**Information**
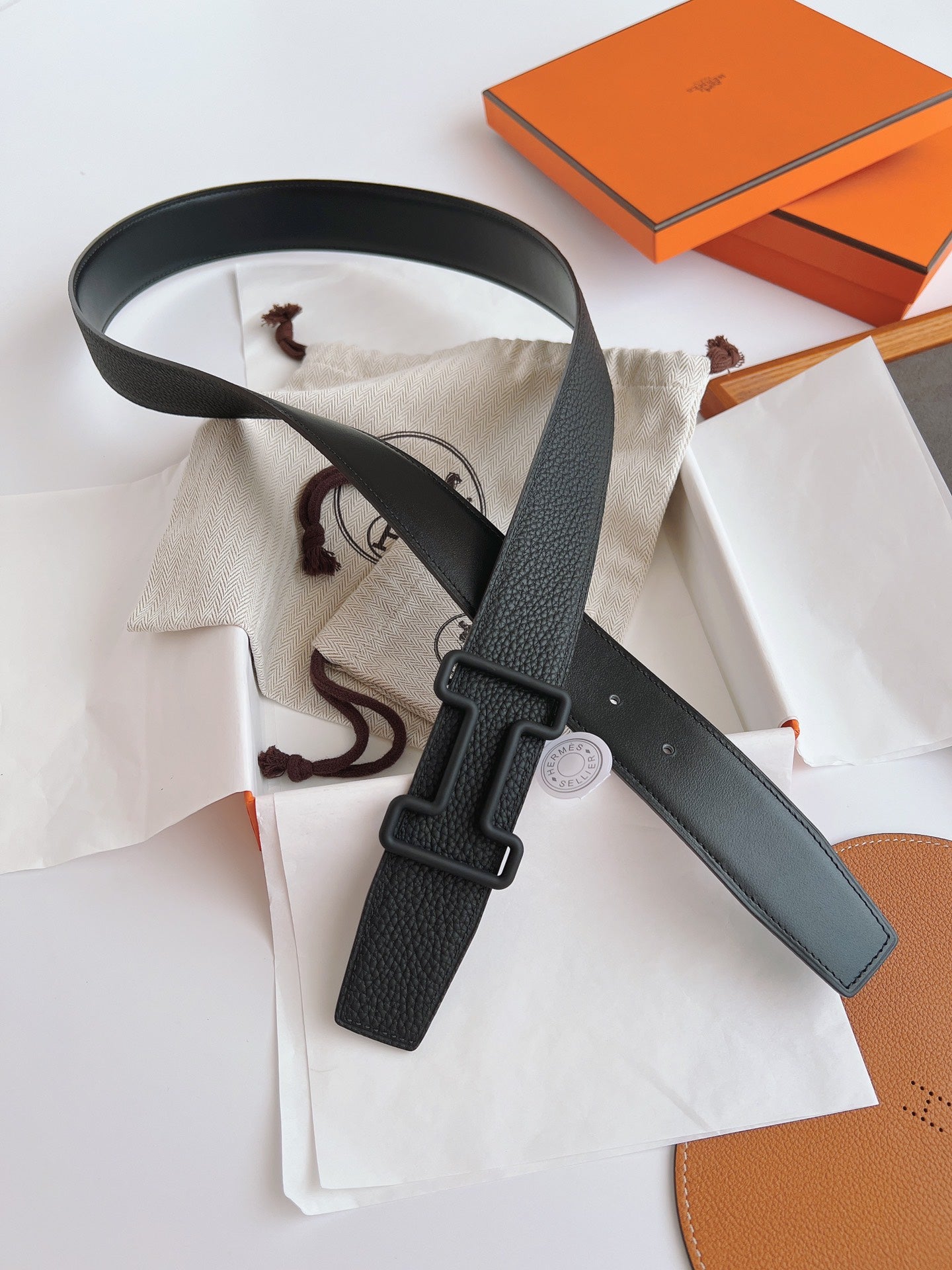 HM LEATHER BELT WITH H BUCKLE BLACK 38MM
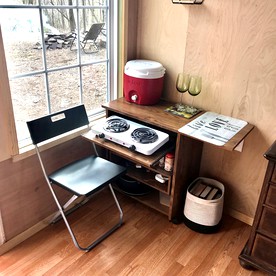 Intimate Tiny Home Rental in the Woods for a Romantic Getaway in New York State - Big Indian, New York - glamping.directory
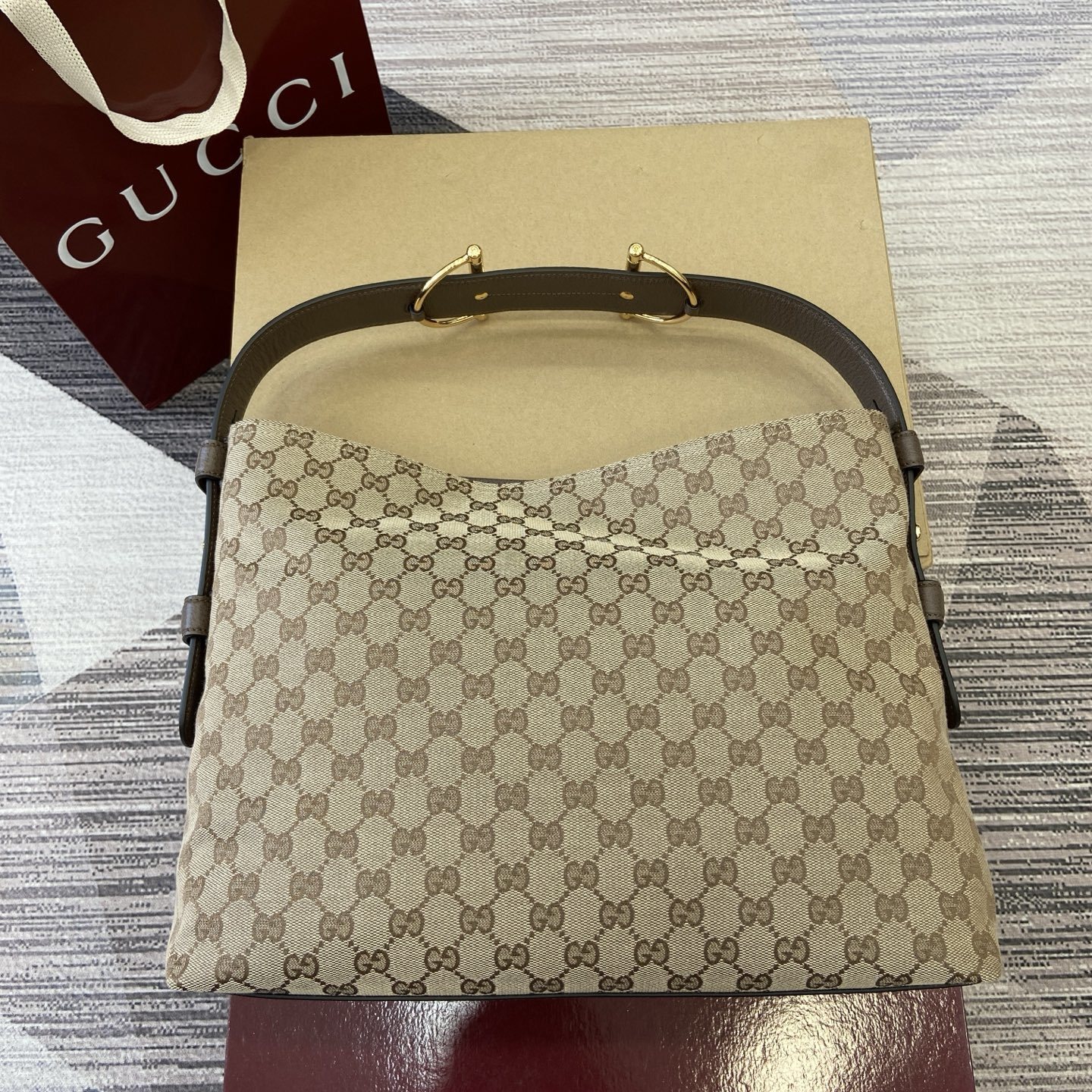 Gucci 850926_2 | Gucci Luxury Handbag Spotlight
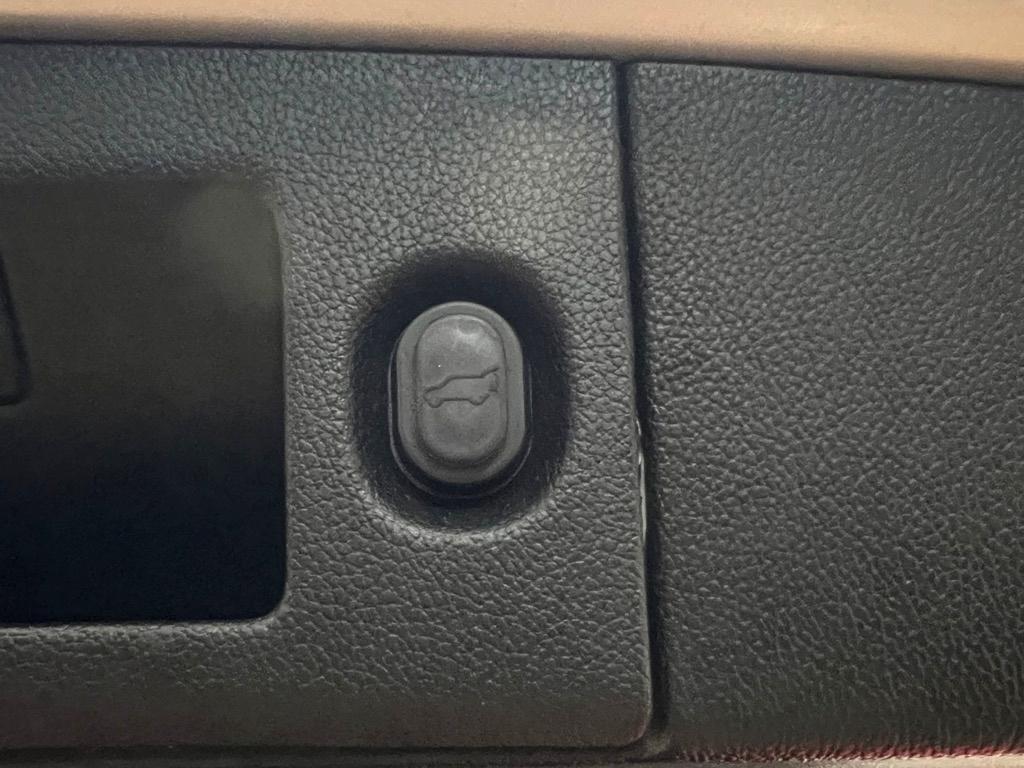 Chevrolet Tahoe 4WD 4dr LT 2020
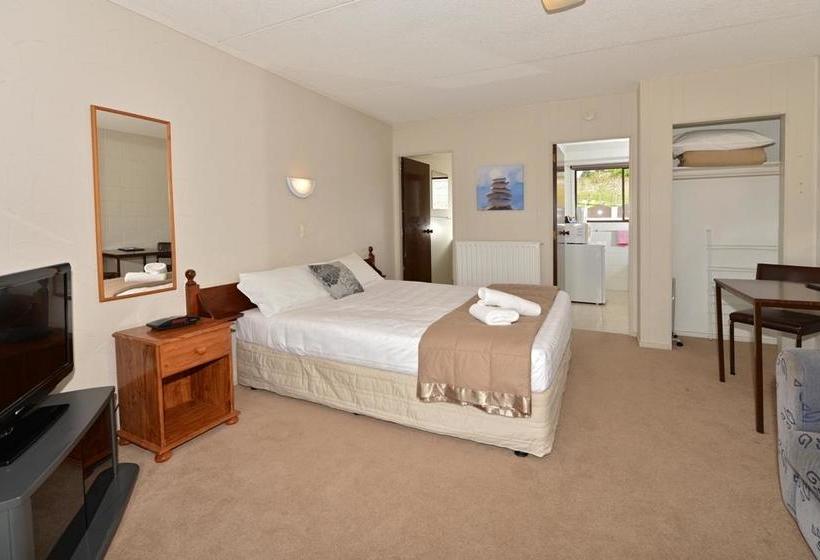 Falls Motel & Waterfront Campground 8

**What you are asked to do**
The records above should be copied word for word, with the pictures left out.

**Output for this task**
 HM LEATHER BELT WITH H BUCKLE BLACK 38MM
 Intimate Tiny Home Rental in the Woods for a Romantic Getaway in New York State - Big Indian, New York - glamping.directory
 Gucci 850926_2 | Gucci Luxury Handbag Spotlight
 Chevrolet Tahoe 4WD 4dr LT 2020
 Falls Motel & Waterfront Campground 8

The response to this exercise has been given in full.